Cell-type specificity analysis
Using FACS-sorted cell-type specific transcriptome data from mouse brain (Cahoy et al., 2008), we checked if there is any overlap between genes that become heterogeneous with age and cell-type specific genes. We downloaded data from the GEO database (GSE9566) and preprocessed as follows: i) RMA correction using ‘affy’ package in R (Gautier, Cope, Bolstad, & Irizarry, 2004), ii) log2 transformation, iii) quantile normalization using ‘preprocessCore’ package in R (Bolstad, 2016), iv) mapping probeset IDs to first mouse genes, and then human genes.

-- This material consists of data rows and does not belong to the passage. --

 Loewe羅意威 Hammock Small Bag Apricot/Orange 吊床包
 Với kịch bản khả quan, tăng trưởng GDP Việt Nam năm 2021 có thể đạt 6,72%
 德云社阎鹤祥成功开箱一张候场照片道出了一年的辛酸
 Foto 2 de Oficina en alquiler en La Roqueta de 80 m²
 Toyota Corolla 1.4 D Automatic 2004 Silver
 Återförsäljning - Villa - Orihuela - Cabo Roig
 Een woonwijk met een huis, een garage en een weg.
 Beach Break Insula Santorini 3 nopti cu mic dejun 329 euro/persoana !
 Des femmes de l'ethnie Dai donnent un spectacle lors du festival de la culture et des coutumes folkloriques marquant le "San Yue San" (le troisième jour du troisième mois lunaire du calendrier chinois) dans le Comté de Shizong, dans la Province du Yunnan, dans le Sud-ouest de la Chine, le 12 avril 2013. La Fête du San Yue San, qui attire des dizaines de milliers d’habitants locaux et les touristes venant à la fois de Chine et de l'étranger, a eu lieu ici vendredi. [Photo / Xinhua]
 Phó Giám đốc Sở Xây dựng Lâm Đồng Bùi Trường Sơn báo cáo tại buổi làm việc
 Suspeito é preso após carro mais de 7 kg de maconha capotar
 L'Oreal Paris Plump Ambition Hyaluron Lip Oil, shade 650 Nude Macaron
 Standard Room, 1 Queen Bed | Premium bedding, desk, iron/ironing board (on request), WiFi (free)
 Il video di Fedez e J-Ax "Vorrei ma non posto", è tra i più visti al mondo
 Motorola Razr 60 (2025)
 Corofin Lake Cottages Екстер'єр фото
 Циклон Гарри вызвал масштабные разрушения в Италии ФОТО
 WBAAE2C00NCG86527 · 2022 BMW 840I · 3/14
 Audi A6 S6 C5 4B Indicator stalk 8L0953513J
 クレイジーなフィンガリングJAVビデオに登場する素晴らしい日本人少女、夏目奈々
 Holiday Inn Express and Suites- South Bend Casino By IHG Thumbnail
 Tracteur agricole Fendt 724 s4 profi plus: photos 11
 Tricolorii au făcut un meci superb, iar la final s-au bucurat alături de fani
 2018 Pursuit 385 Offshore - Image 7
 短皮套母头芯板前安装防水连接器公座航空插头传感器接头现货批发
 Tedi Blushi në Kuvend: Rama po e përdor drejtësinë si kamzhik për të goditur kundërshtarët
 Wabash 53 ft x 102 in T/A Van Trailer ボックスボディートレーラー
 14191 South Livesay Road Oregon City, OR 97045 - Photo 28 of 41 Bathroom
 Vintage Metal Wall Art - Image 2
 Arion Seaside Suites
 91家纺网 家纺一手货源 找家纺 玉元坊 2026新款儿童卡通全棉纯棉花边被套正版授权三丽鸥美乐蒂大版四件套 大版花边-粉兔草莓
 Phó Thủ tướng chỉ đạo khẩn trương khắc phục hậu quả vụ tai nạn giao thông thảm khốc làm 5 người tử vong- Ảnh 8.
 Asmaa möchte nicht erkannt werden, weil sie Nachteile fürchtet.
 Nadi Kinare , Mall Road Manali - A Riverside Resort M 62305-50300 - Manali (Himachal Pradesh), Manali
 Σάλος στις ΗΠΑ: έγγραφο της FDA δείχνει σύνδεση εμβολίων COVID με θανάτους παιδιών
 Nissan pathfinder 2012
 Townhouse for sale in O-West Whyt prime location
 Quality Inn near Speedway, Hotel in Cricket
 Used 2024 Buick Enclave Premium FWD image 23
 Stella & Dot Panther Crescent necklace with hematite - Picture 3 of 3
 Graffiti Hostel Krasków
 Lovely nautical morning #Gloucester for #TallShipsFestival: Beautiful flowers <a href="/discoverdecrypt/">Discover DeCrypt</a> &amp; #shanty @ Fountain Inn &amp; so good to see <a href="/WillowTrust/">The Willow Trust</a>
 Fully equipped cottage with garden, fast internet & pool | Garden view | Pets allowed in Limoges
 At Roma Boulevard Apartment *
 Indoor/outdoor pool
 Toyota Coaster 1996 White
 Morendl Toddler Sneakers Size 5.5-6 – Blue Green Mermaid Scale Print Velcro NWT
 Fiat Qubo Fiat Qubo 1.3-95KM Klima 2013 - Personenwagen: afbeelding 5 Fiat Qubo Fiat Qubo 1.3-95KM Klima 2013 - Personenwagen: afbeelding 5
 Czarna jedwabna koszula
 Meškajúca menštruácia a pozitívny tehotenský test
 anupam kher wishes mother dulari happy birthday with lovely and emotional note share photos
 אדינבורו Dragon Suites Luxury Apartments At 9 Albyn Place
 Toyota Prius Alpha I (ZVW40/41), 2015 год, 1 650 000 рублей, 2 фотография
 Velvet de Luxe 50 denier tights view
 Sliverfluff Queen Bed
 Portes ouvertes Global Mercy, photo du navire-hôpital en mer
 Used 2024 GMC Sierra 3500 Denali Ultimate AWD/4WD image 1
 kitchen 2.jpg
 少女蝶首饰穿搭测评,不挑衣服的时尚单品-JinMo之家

We only included genes that have one to one orthologs in humans, after filtering out probesets that map to multiple genes. We defined cell-type specific genes by calculating the effect size (Cohen’s D) for each gene and cell type and identifying genes that have ES higher than or equal to two as specific to that cell type. At this cutoff, there was no overlap between cell-type specific gene lists. To test for association between heterogeneity and cell-type specificity, we used Fisher’s exact test.
Software
All analysis is done using R and the code to calculate heterogeneity changes with age is available as an R package ‘hetAge’, which is documented in https://mdonertas.github.io/hetAge/. “ggplot2” (Wickham, 2017) and “ggpubr” (Kassambara, 2018) R libraries are used for the visualization.
Data availability
Raw data used in this study is downloaded from the GEO database using GSE numbers specified in Table S1. All data generated in this study, i.e. changes in expression and heterogeneity with age for each dataset and functional enrichment results are available as Supplementary Tables.
Author Contributions
H.M.D. conceived and designed the study with the contributions from M.S., and J.M.T.. U.I. and H.M.D. analyzed the data. U.I. and H.M.D. interpreted the results and wrote the manuscript with the contributions from M.S. and J.M.T. All authors read, revised and approved the final version of this manuscript.
Funding Statement
This work is funded by EMBL (H.M.D., J.M.T.) and the Wellcome Trust (098565/Z/12/Z; J.M.T).
Acknowledgements
The authors thank Hamit Izgi, Matias Fuentealba Valenzuela, Dr. Daniel K. Fabian, and Prof Linda Partridge for helpful discussions. H.M.D. is a member of Darwin College, University of Cambridge.